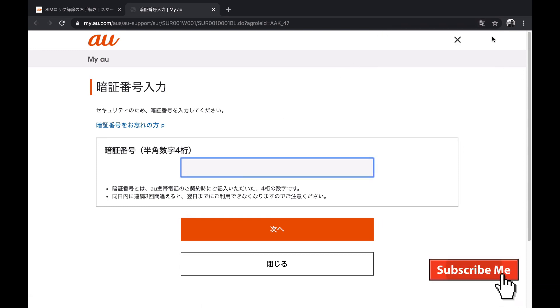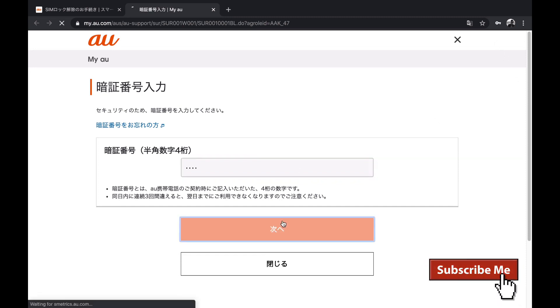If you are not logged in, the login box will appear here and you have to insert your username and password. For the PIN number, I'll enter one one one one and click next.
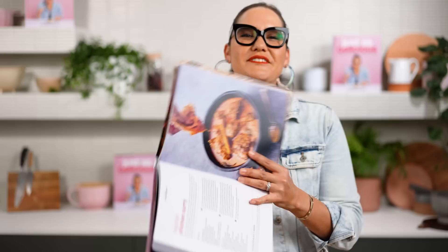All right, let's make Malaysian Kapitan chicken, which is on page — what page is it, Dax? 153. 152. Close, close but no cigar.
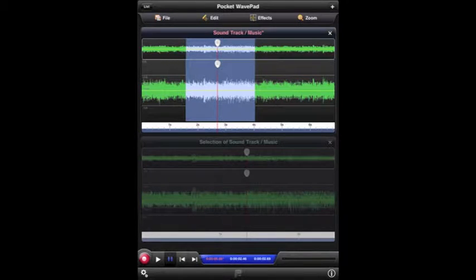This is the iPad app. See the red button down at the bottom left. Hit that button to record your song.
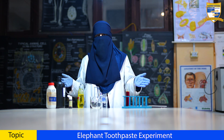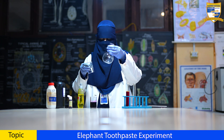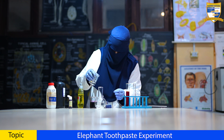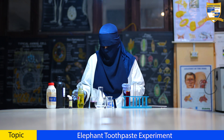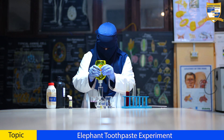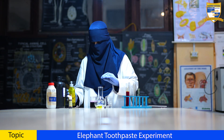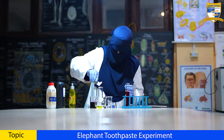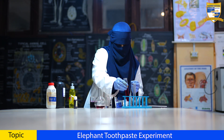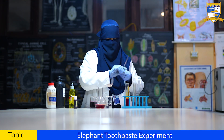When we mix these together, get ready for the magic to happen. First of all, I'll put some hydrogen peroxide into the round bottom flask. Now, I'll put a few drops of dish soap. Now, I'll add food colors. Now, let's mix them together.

◆ Exercise prompt ◆
Every line from the one holding "This is the" to the last line of the listing above, inclusive, must appear exactly as written, and no picture may appear.

◆ Output of the exercise ◆
This is the iPad app. See the red button down at the bottom left. Hit that button to record your song.
When we mix these together, get ready for the magic to happen. First of all, I'll put some hydrogen peroxide into the round bottom flask. Now, I'll put a few drops of dish soap. Now, I'll add food colors. Now, let's mix them together.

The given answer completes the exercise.